The Hindu festival Raksha Bandhan also falls on Indian independence day this year. It celebrates sibling relationships.
The President, Sheikh Khalifa, sent a congratulatory message to the President of India, Ram Nath Kovin. Sheikh Mohammed bin Rashid, the Vice President and Ruler of Dubai, and Sheikh Mohamed bin Zayed, Crown Prince of Abu Dhabi and Deputy Supreme Commander of the UAE Armed Forces, also sent congratulations to President Kovind and to the Indian Prime Minister, Narendra Modi.
Independence day has special poignance for overseas residents, said Dubai resident Dhanush Acharya.
“It’s our Independence Day and we’re away from our country so that gives us the inspiration to come and be with our countrymen today,” said Mr Acharya, 30, an assistant manager born in Dubai. “When you’re away from your place, you actually know the importance of it.”
Yet the Gulf’s centuries old ties with South Asia mean the UAE can be a home away from home. Mr Acharya’s friend Ashish Singh said he did not feel any of the culture shock of coming to a foreign country when he moved from Delhi to Dubai a few years ago.

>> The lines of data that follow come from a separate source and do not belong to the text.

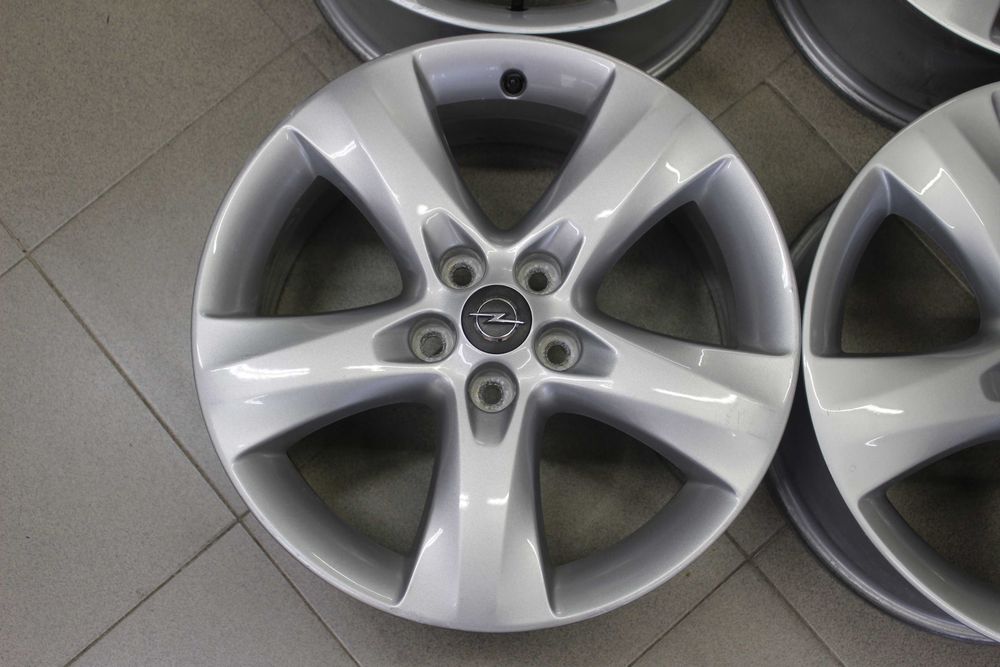 Джанти 17" 5x105 Opel Astra (J, K), Mokka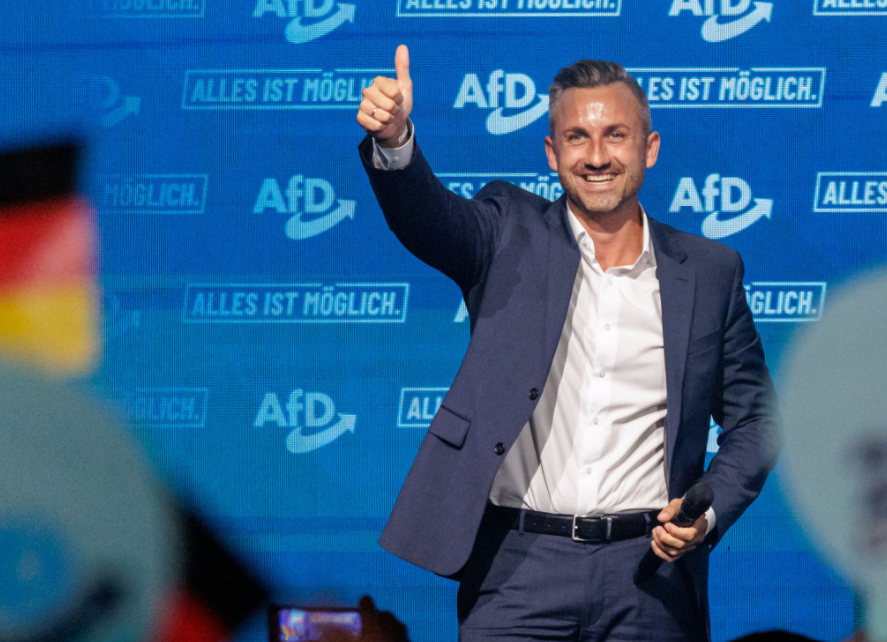 Ulrich Siegmund (AfD)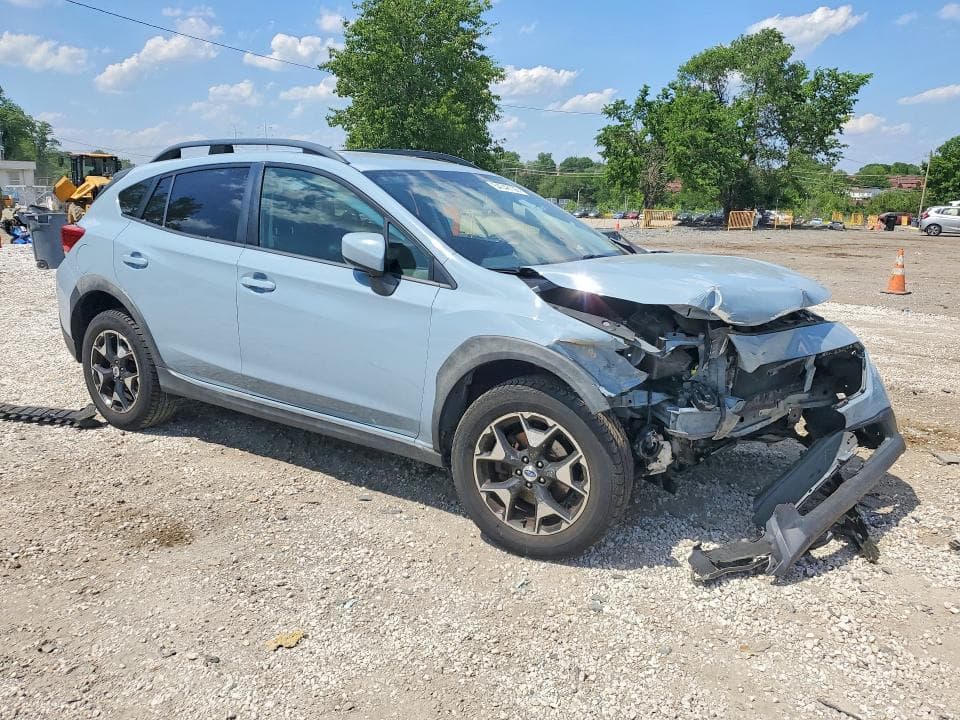 2018 SUBARU CROSSTREK PREMIUM 4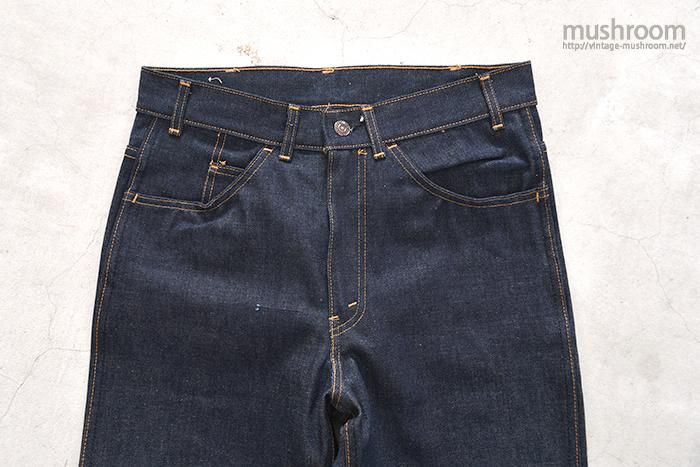 LEVI'S 606 E SUPER SLIM JEANS（DEADSTOCK/W32L32） - 古着屋
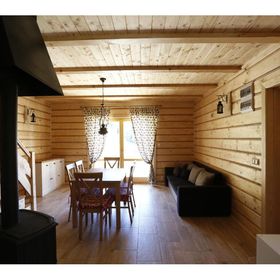 Domki Niedźwiedziówka Jaworki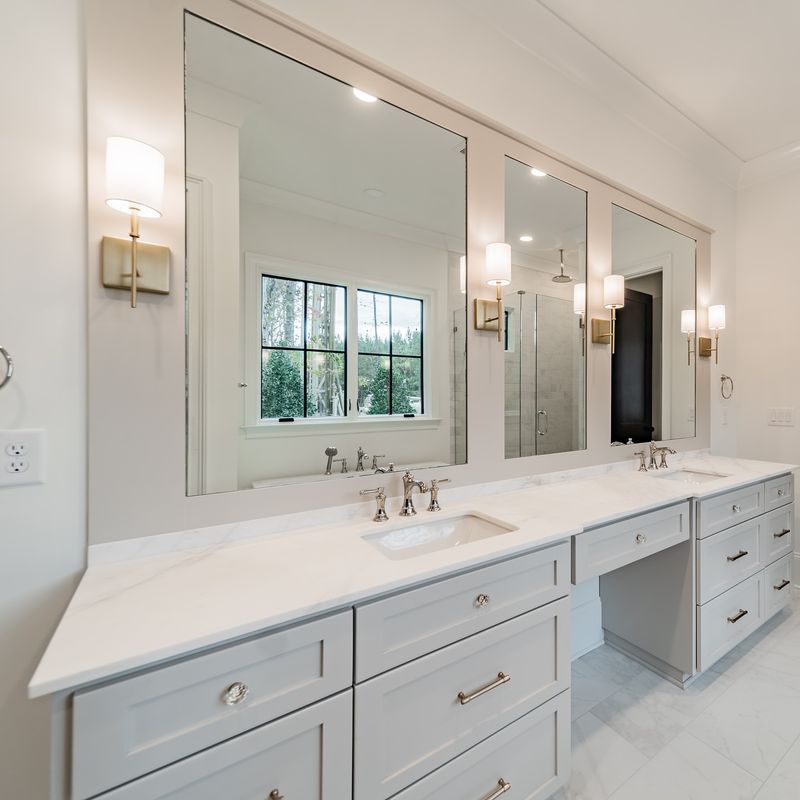 Custom Bathroom Vanity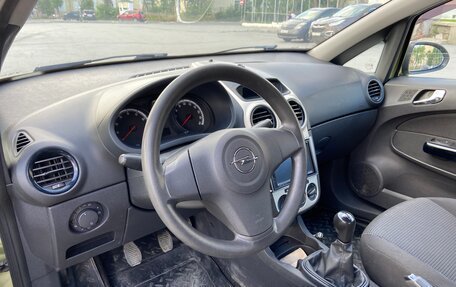 Opel Corsa D, 2007 год, 349 000 рублей, 5 фотография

“Dubai is like a mini India,” said Mr Singh, a blockchain consultant. “Every type of Indian food you want is here, the people around you are Indians, you don’t feel like you are outside India.”
He will celebrate all day long.
“I’ll be celebrating in my office. It’s multinational and I’ve got an Indian flag and I’ll stick it up. Lunch for the office is on me today. Yesterday was Pakistan’s Independence Day and they did the same for us.”
His friend smiled. “That’s the advantage of Dubai,” said Mr Acharya. “We celebrate together.”